• **Task to carry out**
Only the lines below from the one that contains "Upgraded 500-Watt Chicken" through the one that contains "Hansgrohe Raindance Select" should appear in your answer, exact and without pictures.
══ Provided material ══
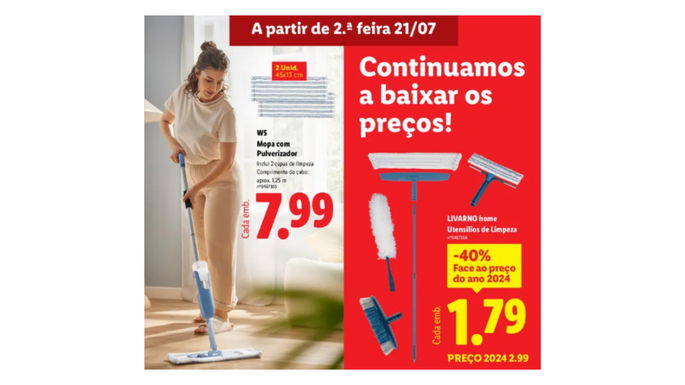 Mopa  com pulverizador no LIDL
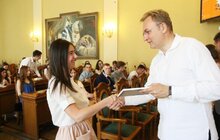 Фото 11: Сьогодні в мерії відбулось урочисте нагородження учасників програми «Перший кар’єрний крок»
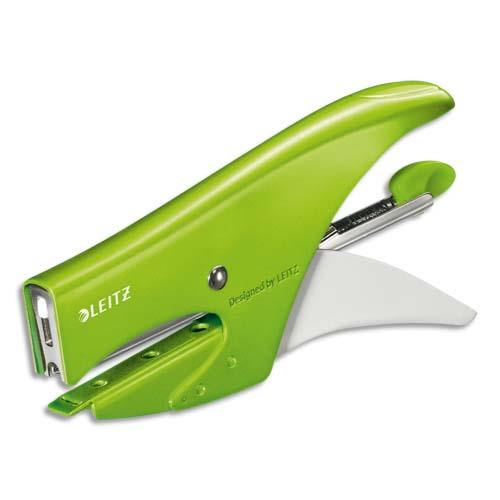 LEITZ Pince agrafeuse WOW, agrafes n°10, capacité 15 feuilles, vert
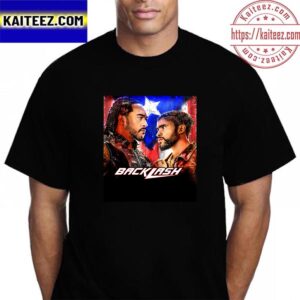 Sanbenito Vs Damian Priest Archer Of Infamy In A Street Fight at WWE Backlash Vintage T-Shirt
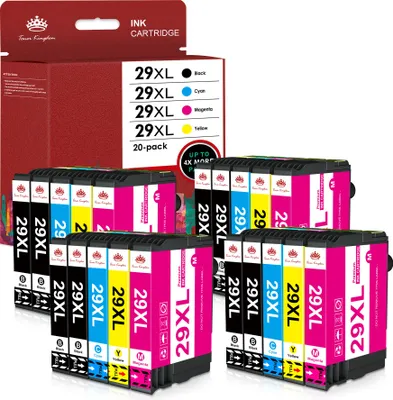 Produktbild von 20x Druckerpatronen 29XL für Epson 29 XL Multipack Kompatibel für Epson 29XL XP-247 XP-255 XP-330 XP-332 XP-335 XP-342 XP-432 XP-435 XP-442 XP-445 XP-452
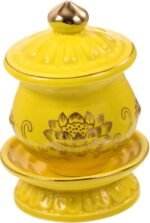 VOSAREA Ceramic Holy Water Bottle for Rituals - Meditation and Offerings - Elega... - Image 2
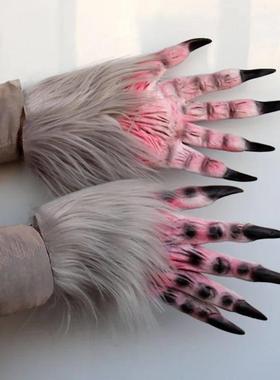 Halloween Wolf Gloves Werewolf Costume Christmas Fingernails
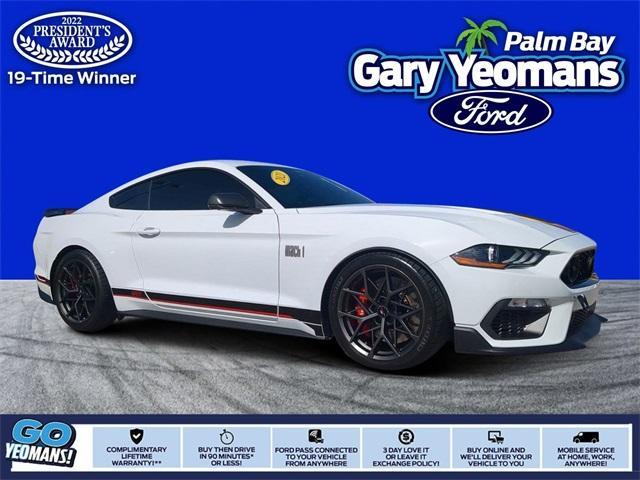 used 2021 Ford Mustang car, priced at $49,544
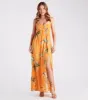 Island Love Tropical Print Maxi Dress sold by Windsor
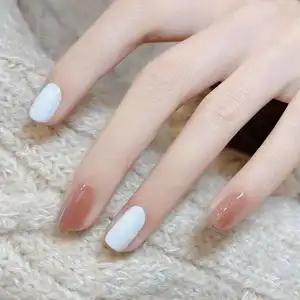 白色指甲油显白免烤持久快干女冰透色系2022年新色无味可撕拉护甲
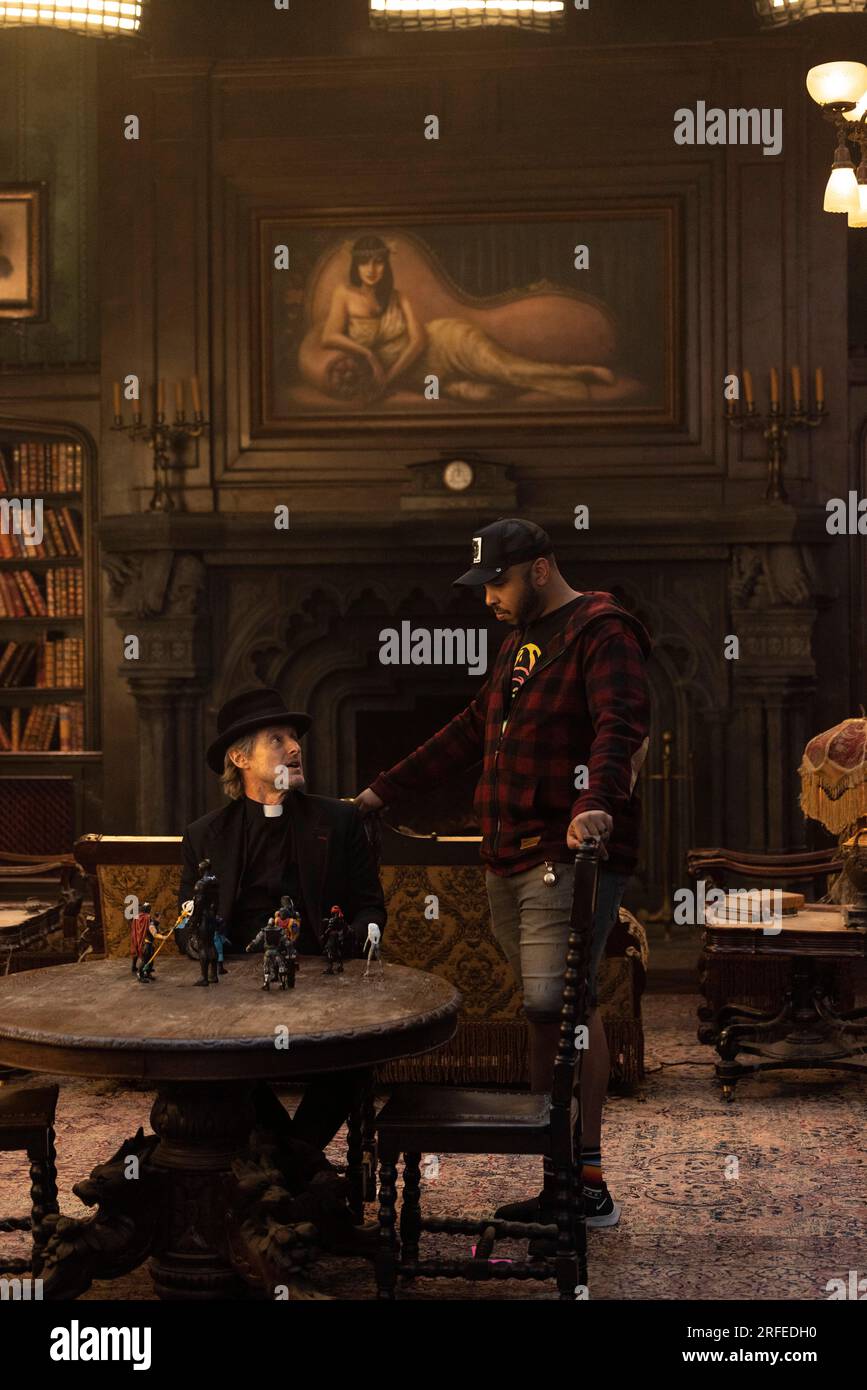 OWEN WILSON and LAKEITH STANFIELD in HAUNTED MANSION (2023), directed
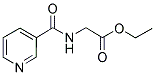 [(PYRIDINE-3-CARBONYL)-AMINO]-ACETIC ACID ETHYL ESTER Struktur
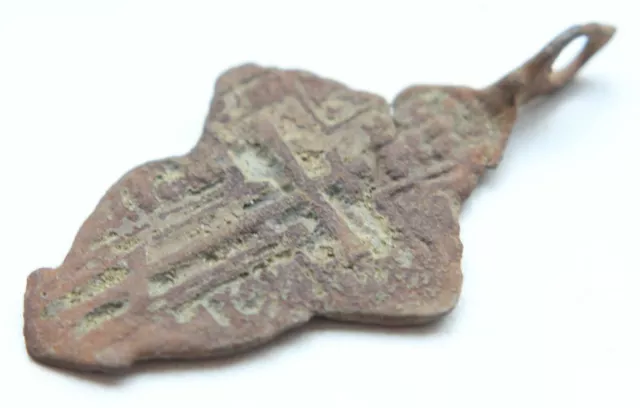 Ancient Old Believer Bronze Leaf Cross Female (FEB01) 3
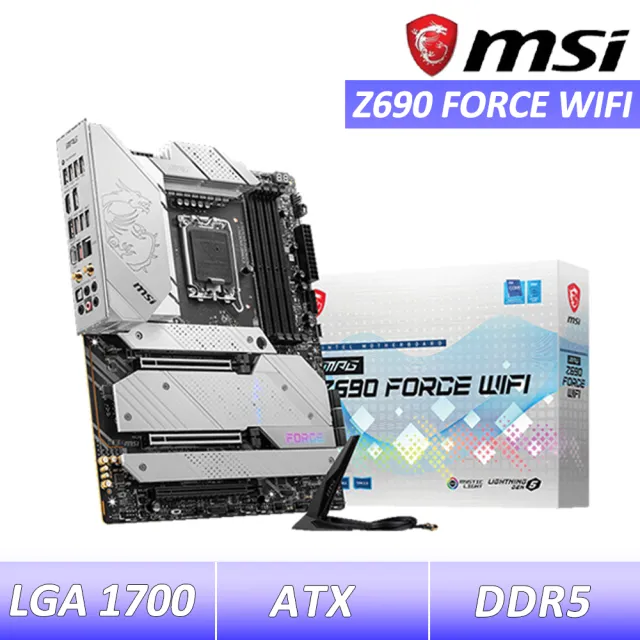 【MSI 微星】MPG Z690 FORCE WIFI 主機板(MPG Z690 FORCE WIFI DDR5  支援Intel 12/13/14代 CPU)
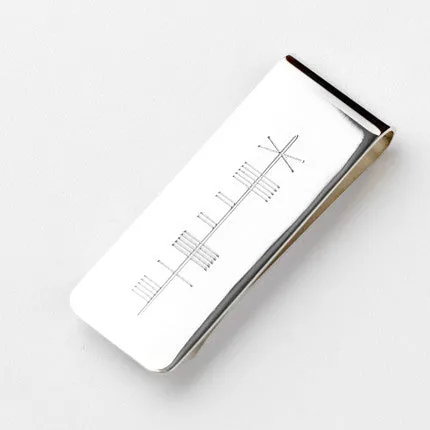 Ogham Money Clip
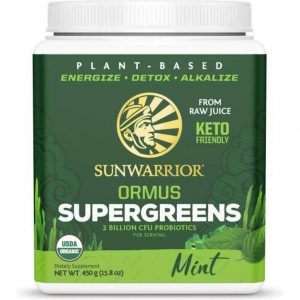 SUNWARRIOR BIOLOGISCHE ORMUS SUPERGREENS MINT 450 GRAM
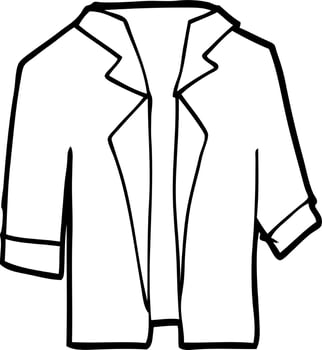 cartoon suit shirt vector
═══
══ Provided material ══
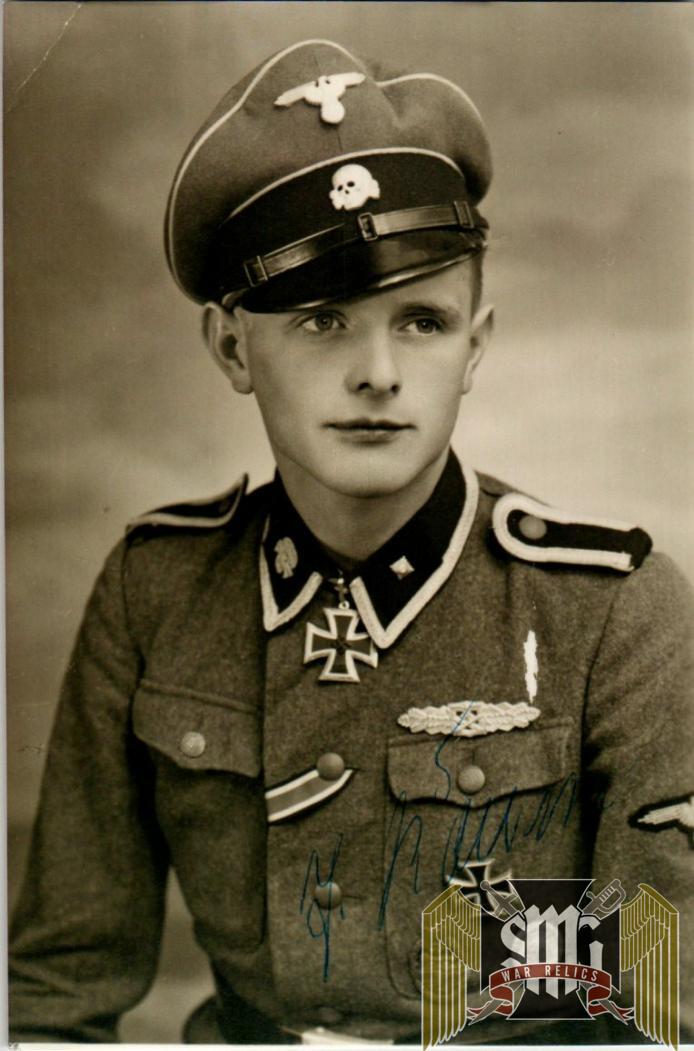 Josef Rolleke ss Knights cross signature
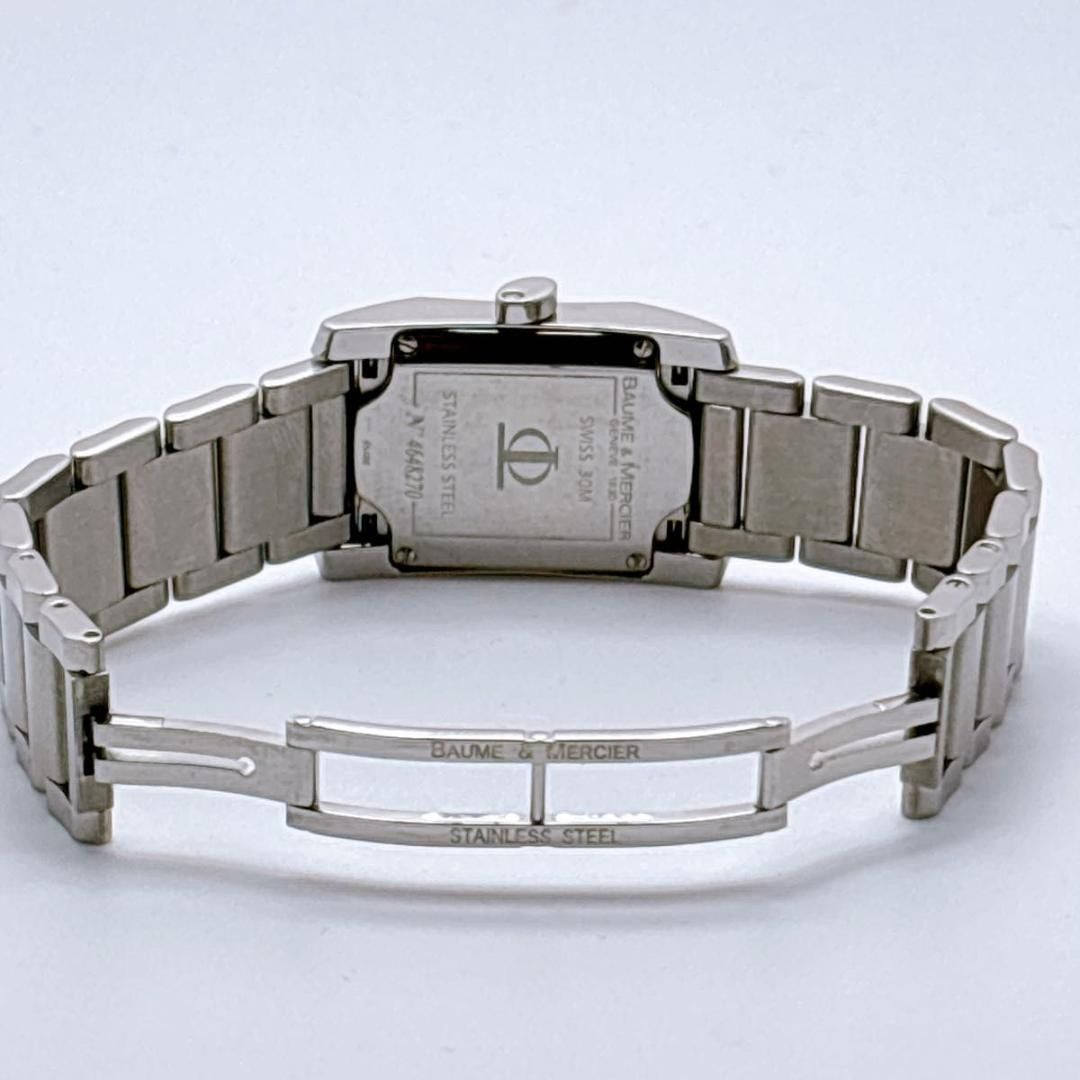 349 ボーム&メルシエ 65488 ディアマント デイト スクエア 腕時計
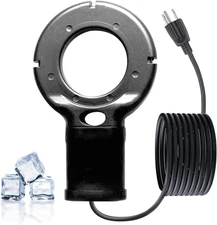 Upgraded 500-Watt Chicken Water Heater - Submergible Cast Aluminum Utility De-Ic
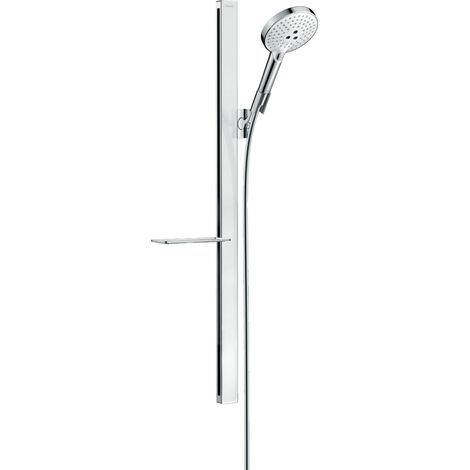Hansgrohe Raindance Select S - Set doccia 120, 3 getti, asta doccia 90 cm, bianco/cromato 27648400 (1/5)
═══
• **Written solution**
 Upgraded 500-Watt Chicken Water Heater - Submergible Cast Aluminum Utility De-Ic
Hansgrohe Raindance Select S - Set doccia 120, 3 getti, asta doccia 90 cm, bianco/cromato 27648400 (1/5)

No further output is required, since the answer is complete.